Response: Empty body, status 200.

File Operation Endpoints

Workflows that consume images (img2img, ControlNet, inpainting, face swap, video conditioning) need a way to get those images onto the server. Workflows that produce images need a way to get them off. The three endpoints here cover both directions.

POST /upload/image

POST /upload/image accepts a multipart/form-data upload and stores the file in ComfyUI's input directory, making it available to LoadImage nodes in subsequent workflows.

MethodPOST
Path/upload/image
AuthNone
Content-Typemultipart/form-data

When to use: Anytime your workflow has a LoadImage node and you need to provide the source image programmatically.

Request fields:

  • image (required): The file.
  • type (optional): One of input, temp, output. Defaults to input.
  • subfolder (optional): Subdirectory inside the type directory. Useful for multi-tenant isolation.
  • overwrite (optional): "true" or "1" to replace an existing file with the same name.

Request:

curl -X POST http://localhost:8188/upload/image \
  -F "image=@./input.png" \
  -F "type=input" \
  -F "subfolder=user_42" \
  -F "overwrite=true"

Response:

{
  "name": "input.png",
  "subfolder": "user_42",
  "type": "input"
}

Use name (and subfolder if you used one) in the LoadImage node's image field. If a subfolder was used, reference the file as f"{subfolder}/{name}".
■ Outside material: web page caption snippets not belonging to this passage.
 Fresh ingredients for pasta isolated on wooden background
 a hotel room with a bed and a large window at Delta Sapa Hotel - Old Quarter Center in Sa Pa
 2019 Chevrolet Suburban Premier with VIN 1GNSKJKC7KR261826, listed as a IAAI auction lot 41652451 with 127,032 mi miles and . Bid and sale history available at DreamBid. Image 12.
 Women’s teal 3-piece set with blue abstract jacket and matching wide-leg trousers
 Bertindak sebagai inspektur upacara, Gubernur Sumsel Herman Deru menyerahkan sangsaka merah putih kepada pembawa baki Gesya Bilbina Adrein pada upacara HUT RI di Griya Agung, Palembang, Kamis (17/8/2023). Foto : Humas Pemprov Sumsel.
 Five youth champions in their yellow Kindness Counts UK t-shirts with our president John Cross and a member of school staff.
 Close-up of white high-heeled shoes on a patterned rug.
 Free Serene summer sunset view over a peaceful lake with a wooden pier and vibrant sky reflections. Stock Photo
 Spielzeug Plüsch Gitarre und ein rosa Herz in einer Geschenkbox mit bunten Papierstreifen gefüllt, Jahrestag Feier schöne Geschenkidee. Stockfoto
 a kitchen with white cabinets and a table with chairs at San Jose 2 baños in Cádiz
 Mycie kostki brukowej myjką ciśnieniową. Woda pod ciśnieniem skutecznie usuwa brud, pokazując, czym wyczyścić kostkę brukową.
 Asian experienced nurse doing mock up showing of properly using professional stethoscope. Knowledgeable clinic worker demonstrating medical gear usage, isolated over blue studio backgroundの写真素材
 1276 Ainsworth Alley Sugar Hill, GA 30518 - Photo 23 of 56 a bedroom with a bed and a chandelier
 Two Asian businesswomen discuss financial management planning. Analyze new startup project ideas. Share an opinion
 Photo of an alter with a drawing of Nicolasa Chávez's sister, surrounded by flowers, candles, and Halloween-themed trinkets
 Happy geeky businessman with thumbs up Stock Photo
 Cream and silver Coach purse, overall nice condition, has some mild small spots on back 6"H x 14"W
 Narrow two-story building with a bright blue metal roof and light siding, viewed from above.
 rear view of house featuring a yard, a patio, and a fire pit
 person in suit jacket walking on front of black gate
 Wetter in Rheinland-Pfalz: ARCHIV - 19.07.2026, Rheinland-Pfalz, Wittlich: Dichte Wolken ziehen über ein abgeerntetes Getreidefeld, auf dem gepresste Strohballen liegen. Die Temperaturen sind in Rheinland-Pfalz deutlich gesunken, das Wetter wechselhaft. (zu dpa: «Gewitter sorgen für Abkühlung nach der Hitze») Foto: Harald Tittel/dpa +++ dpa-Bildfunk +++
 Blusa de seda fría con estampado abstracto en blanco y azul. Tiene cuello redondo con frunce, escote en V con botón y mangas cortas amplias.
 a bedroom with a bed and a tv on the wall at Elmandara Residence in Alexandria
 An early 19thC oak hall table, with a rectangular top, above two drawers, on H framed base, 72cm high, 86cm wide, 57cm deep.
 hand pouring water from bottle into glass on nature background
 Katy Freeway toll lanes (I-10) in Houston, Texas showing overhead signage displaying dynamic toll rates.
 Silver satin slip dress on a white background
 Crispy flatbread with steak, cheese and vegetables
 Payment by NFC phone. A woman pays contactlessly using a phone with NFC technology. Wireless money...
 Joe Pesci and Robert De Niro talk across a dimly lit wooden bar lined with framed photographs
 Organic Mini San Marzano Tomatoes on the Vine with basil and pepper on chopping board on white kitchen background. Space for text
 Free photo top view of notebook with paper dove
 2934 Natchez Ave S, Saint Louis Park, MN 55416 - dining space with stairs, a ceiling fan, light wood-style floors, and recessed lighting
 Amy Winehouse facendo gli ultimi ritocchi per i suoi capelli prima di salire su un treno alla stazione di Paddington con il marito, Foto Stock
Behavior note: ComfyUI does hash-based duplicate detection. Uploading identical bytes twice returns the existing filename instead of writing a duplicate.

Production note: In multi-tenant deployments, always namespace uploads by tenant from the first request. The vanilla input/ directory is shared across every workflow on that ComfyUI instance, and once user content lands there flat, retrofitting isolation is painful. Managed platforms that build dynamic per-workflow containers (Runflow's deployment model is this) sidestep the shared-input-directory problem because each workflow gets its own filesystem; on self-hosted setups, enforce subfolder isolation in your wrapper layer.

Python:

from requests_toolbelt.multipart.encoder import MultipartEncoder
import urllib.request, json

def upload_image(path: str, subfolder: str = "") -> dict:
    with open(path, "rb") as f:
        enc = MultipartEncoder({
            "image": (path.split("/")[-1], f, "image/png"),
            "type": "input",
            "subfolder": subfolder,
            "overwrite": "true",
        })
        req = urllib.request.Request(
            "http://localhost:8188/upload/image",
            data=enc.to_string(),
            headers={"Content-Type": enc.content_type},
        )
        with urllib.request.urlopen(req) as r:
            return json.loads(r.read())

POST /upload/mask

POST /upload/mask uploads a mask image associated with a previously uploaded image, used for inpainting workflows. The mask is composited with the original's alpha channel.

MethodPOST
Path/upload/mask
AuthNone
Content-Typemultipart/form-data

When to use: Inpainting workflows where the mask defines which regions to regenerate.

Request fields:

  • All fields from /upload/image, plus:
  • original_ref (required): JSON-encoded reference to the image the mask applies to. Format: {"filename": "...", "subfolder": "...", "type": "input"}

Request:

curl -X POST http://localhost:8188/upload/mask \
  -F "image=@./mask.png" \
  -F "type=input" \
  -F "original_ref={\"filename\":\"input.png\",\"subfolder\":\"\",\"type\":\"input\"}"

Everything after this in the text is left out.